STEM is an area of focus that looks to prepare children for educational opportunities in the fields of science, technology, engineering, and mathematics. The STEM Bus provided the Youth Center a new way to bring the knowledge and excitement of those four fields to students.
Beth Mosier, 366th Fighter Wing Youth Center recreation technician, explains that the center incorporates different projects for the students such as making slime to highlight applied science, and using math and engineering to create catapults.
The Youth Center and the bus provided different stations for exploration. Participants were able to experience hands-on activities such as a thermal finger scanner, a plasma ball, an electrical workstation, 3D doodle pens, virtual reality games and keva blocks.
According to the Air Force STEM website, the service recognizes there is a critical need for science, technology, engineering, and mathematics talent for future technology and innovation efforts within our nation’s STEM workforce.
While children have a few years before they can apply their skills, it all starts with sparking their interests to set them on a path.
“Planting a seed early and giving the youth an opportunity to be curious about what STEM is and how they need to incorporate it in their own daily lives will better prepare them both academically and for their future careers,” Mosier said.

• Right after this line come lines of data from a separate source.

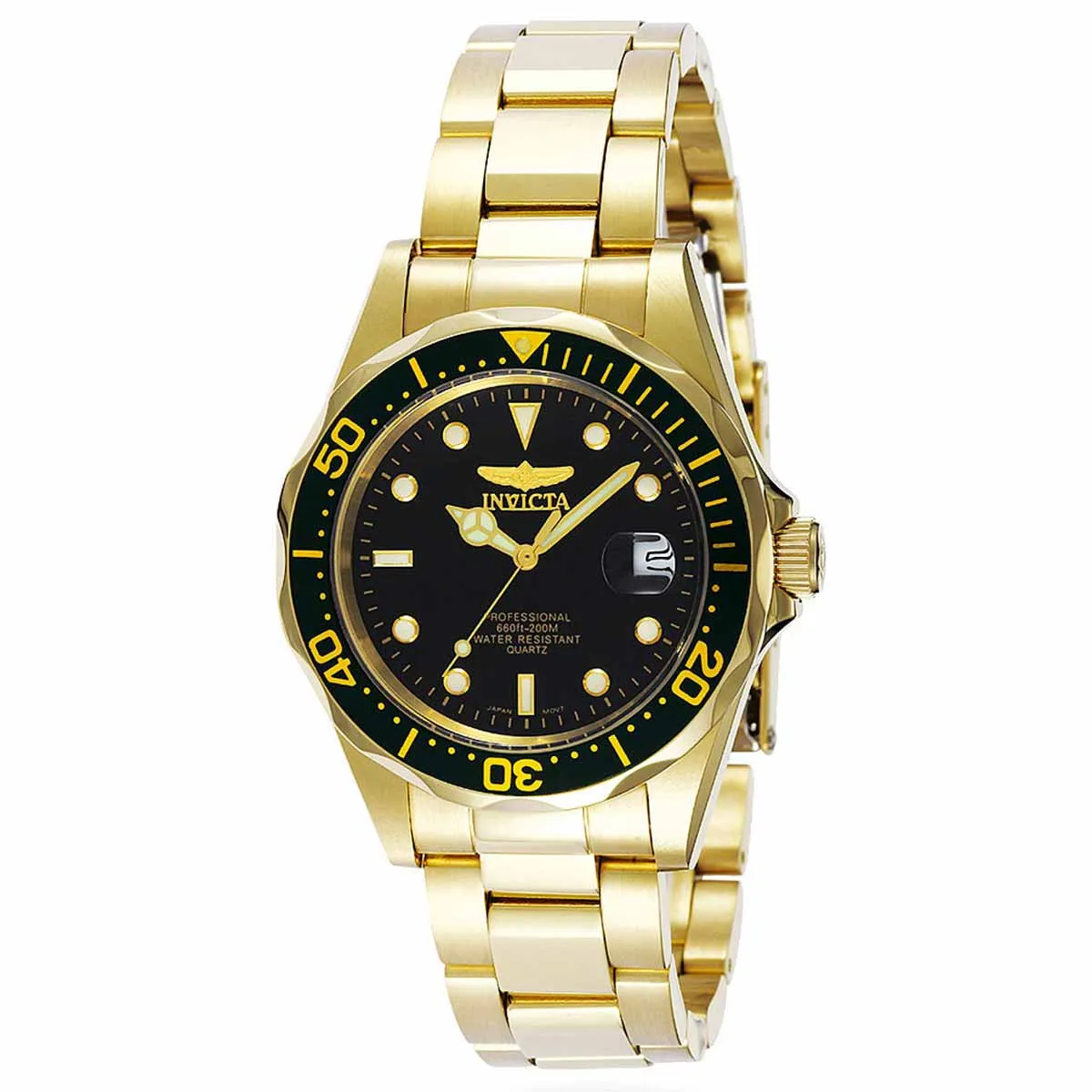 Invicta 8936 Men's Pro Diver Gold Plated SS Black Dial Watch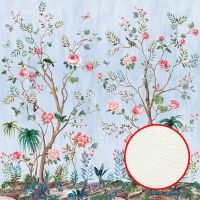 Фреска Ortograf Flora 31151 Фактура флок FLK Флизелин (2,7*2,7) Голубой/Разноцветный, Цветы/Деревья/Птицы арт-31151 (флок FLK) — фото 1, Фрески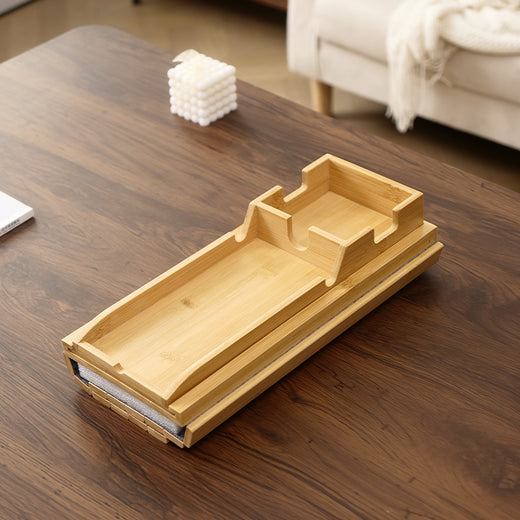Wooden sofa with magnetic detachable tray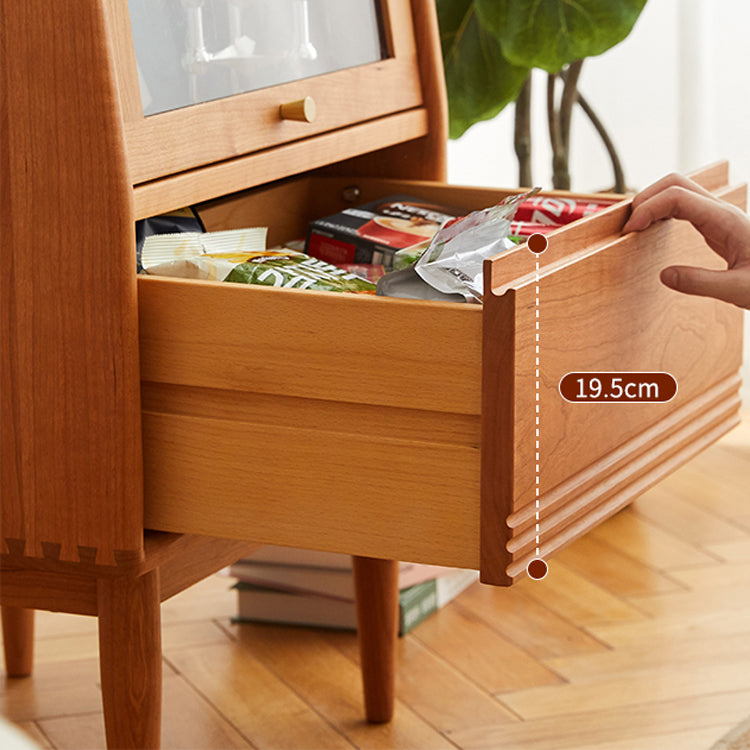 2 - Door and 1 - Drawer Solid Wood Chest 43.3" Tall Glass Paned Side Cabinet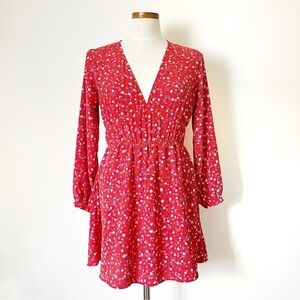 Zara Red Floral mini dress size XS summer dress
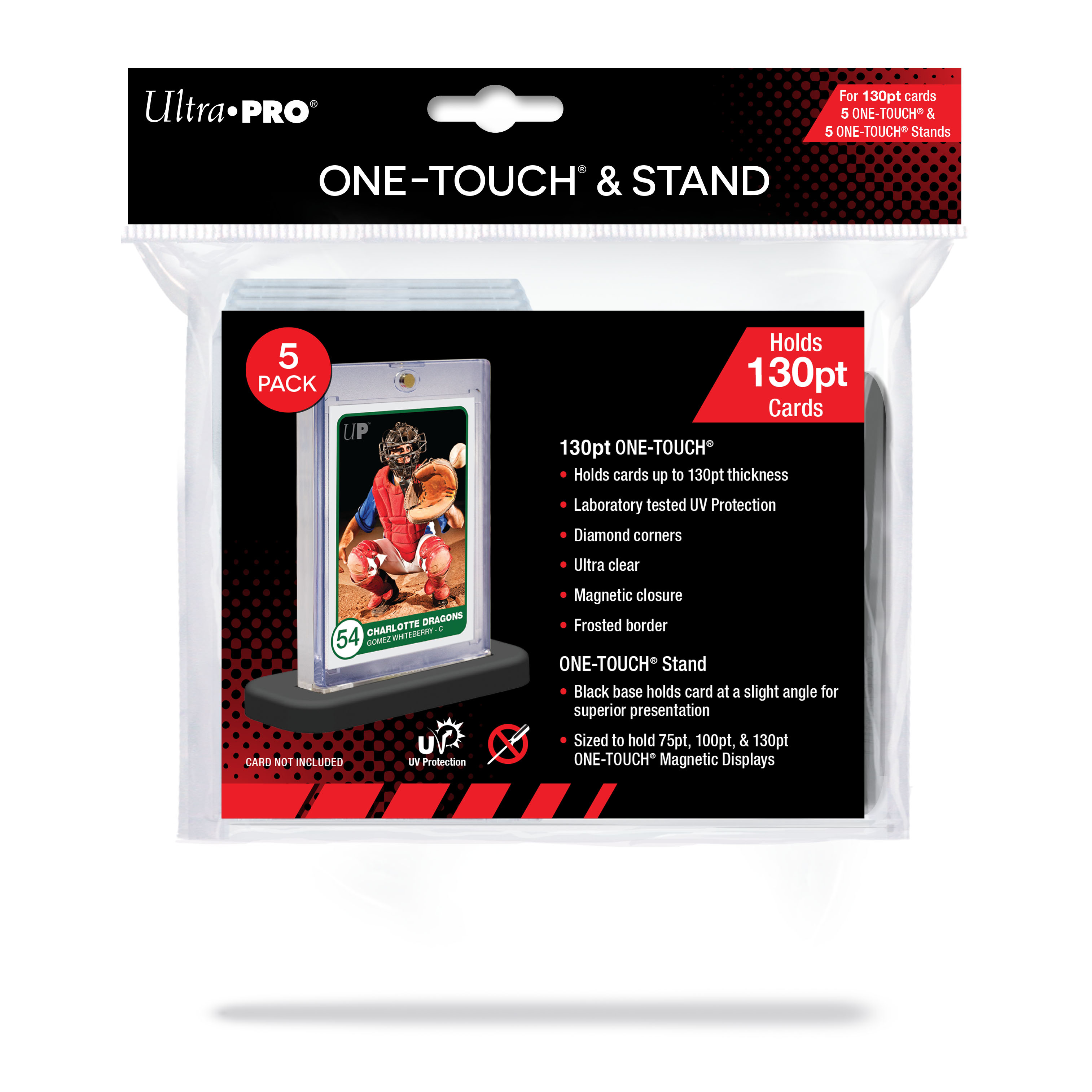 Ultra Pro 130pt UV One-Touch Magnetic Holder with Stand (5 count pack)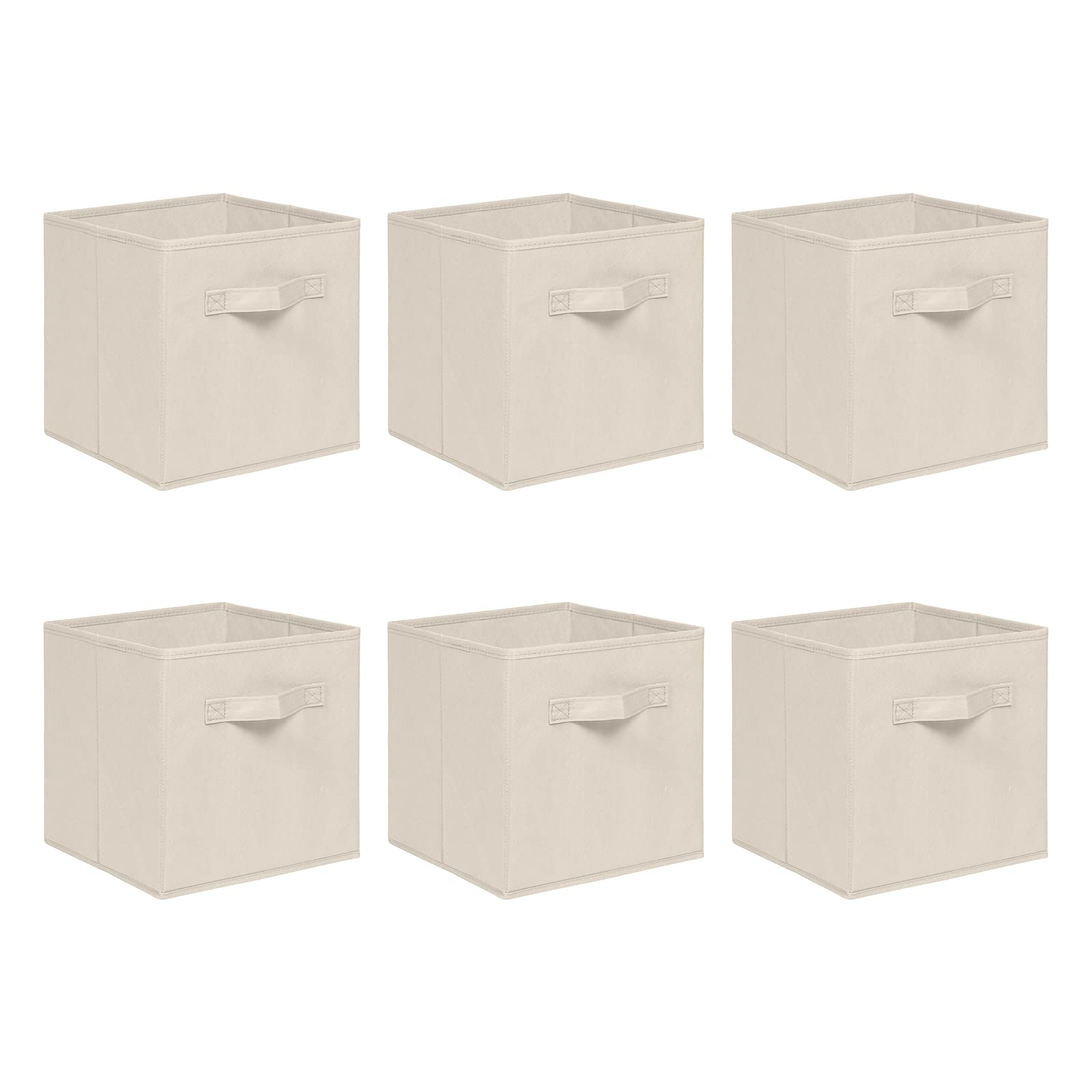 NICEME Foldable Cube Storage Unit Boxes, Non-Woven Fabric Storage Boxes Set, Clothes Drawers for Shelves, 26.5x26.5x28 cm (Beige/Cream, Set of 6)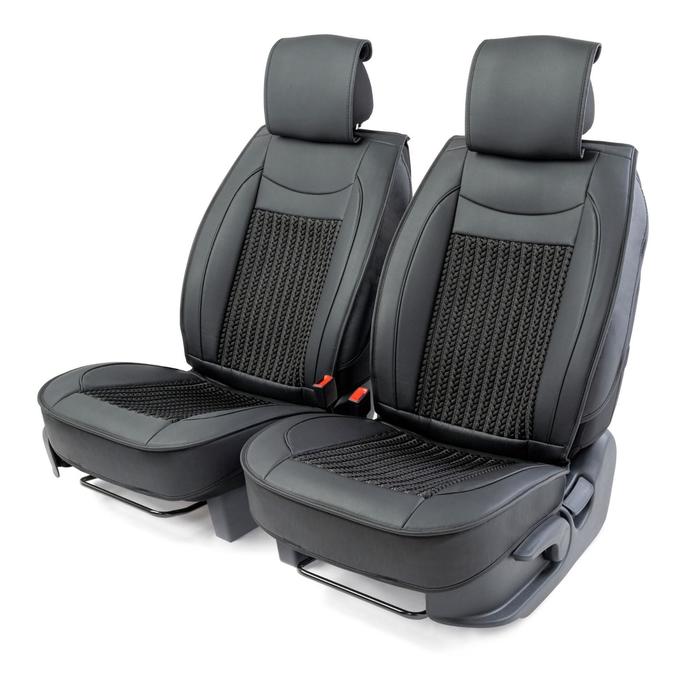 Каркасные накидки на передние сиденья Car Performance, 2 шт, экокожа, чёрый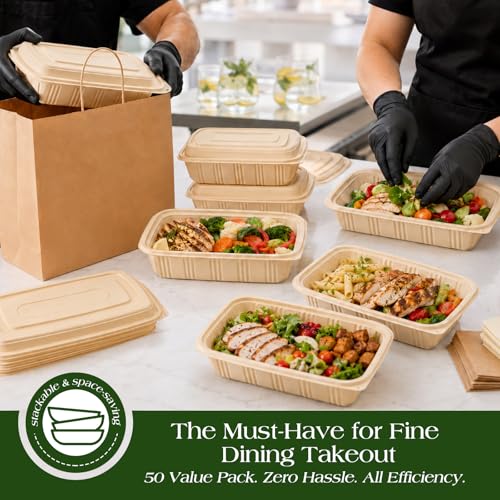 100 Piece (50 Pack) Meal Prep Containers with Lids, 28 oz Cornstarch Food Storage Containers Plant-based Lunch Box for Salad,BPA Free Plastic Take Out Containers Microwave and Freezer Safe - Image 4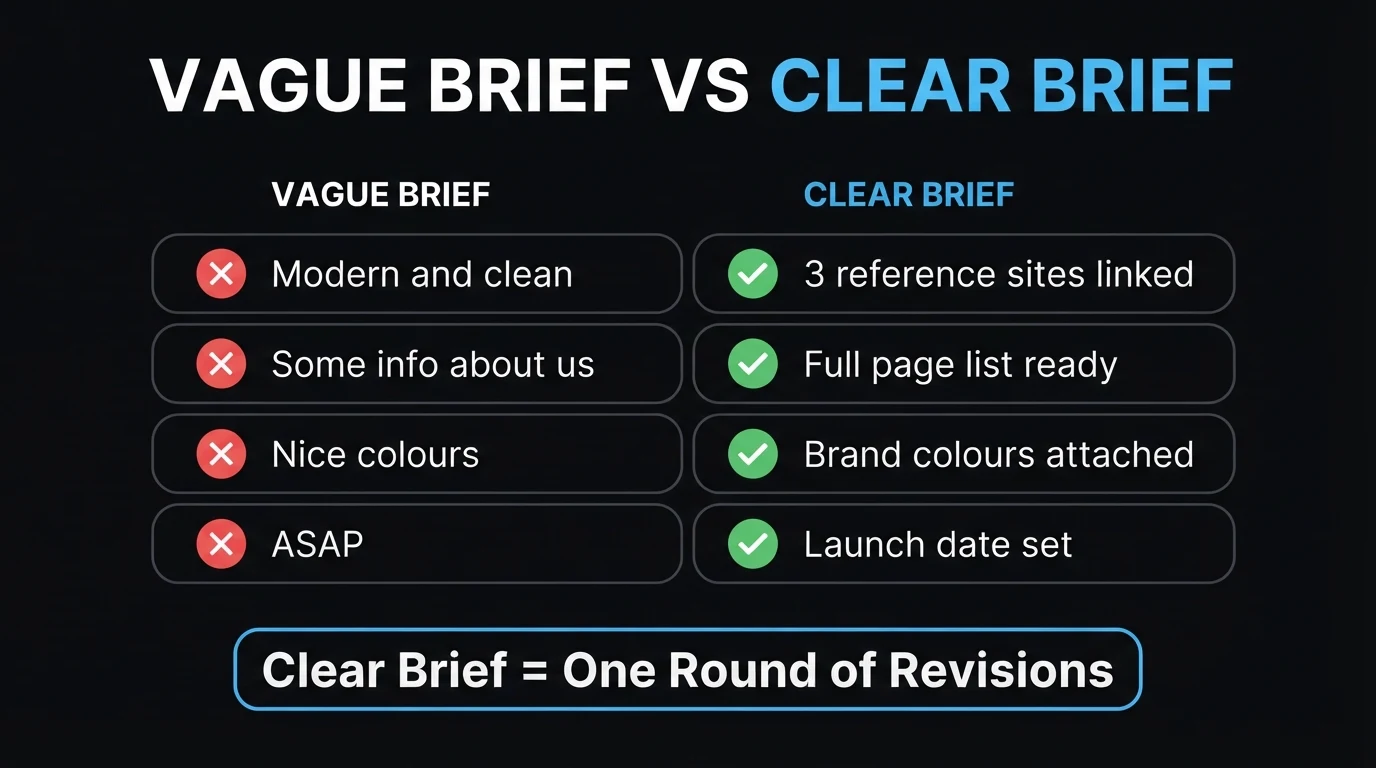 Vague brief versus clear brief comparison: reference sites, full page list, brand colours, and a set launch date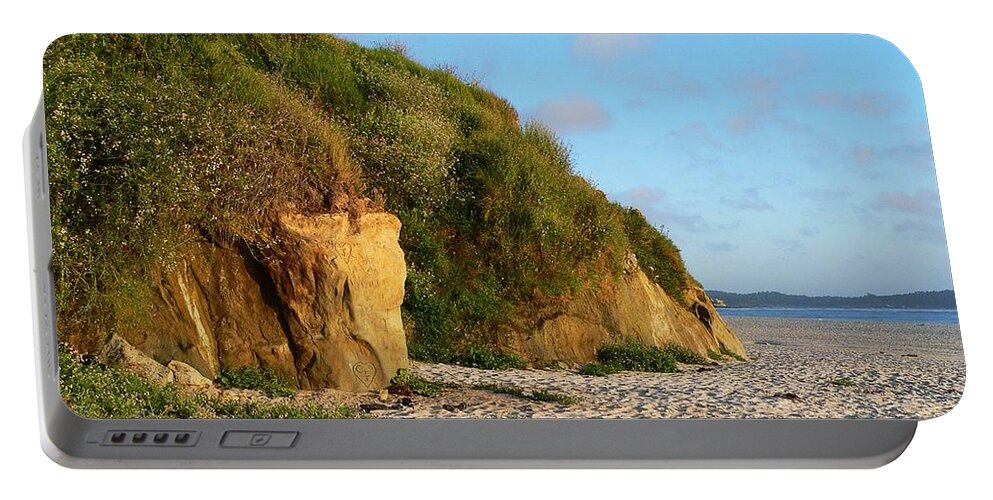Beach Portable Battery Charger featuring the photograph Carmel Love Rock by Steve Ondrus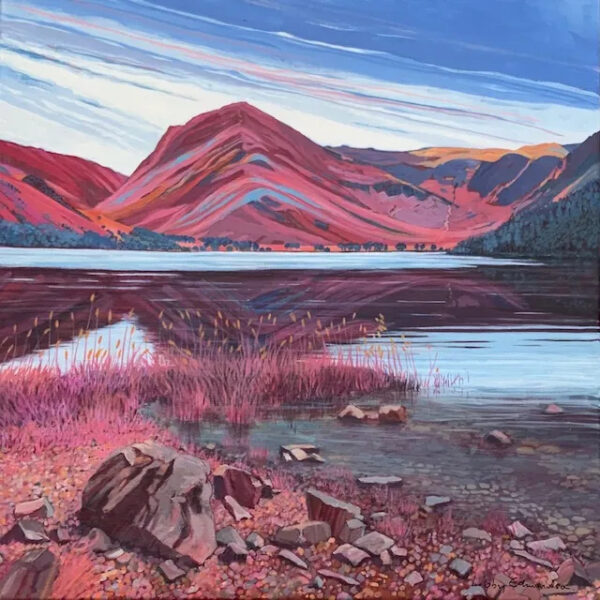 Art print by Lake District artist Libby Edmondson of Fleetwith from Buttermere in bright pike and blue tones with Haystacks off to the right
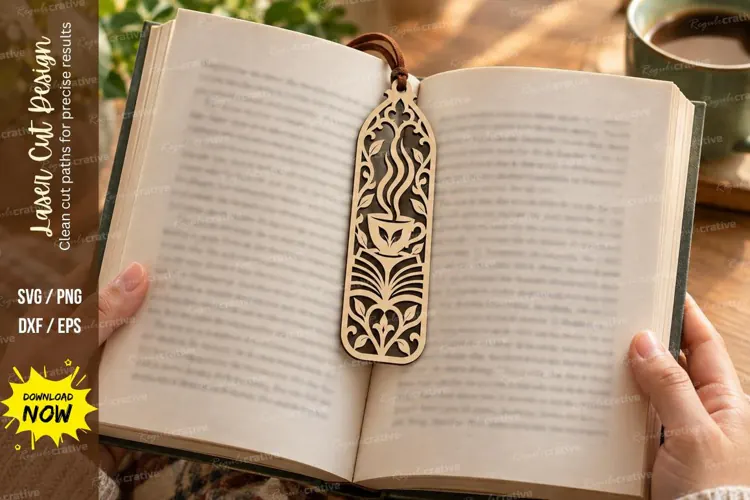 Vintage Floral Cat Bookmark Laser Cut SVG PNG Design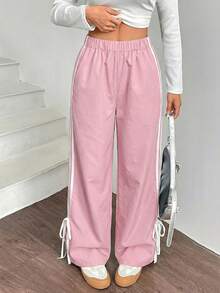 SHEIN EZwear 女士黑色侧边撞色白色织带松紧腰裤 粉色裤子 女士休闲裤 运动裤 抽绳裤 宽松裤 粉色运动裤 阔腿裤 粉色女裤 女士夏季裤 阔腿运动裤 女士运动裤 女士休闲阔腿裤 女士高腰裤 - 粉色 - 查看 3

Danica Preble, Micron STEM Bus coordinator said the STEM bus is an important tool because it allows them to bring STEM to the children, eliminating the need for the children to have to travel to a far location to experience it.
“The reason I love this is because [the bus] brings it to them and they don’t necessarily have to afford it or be able to get to Boise or a larger city to go to a discovery center,” Preble said. “I feel like this gets to all communities and it gives kids an opportunity to see if there’s something on this bus or something they learned about in the assembly or in our classroom that sparks an interest in them and they’ll know.”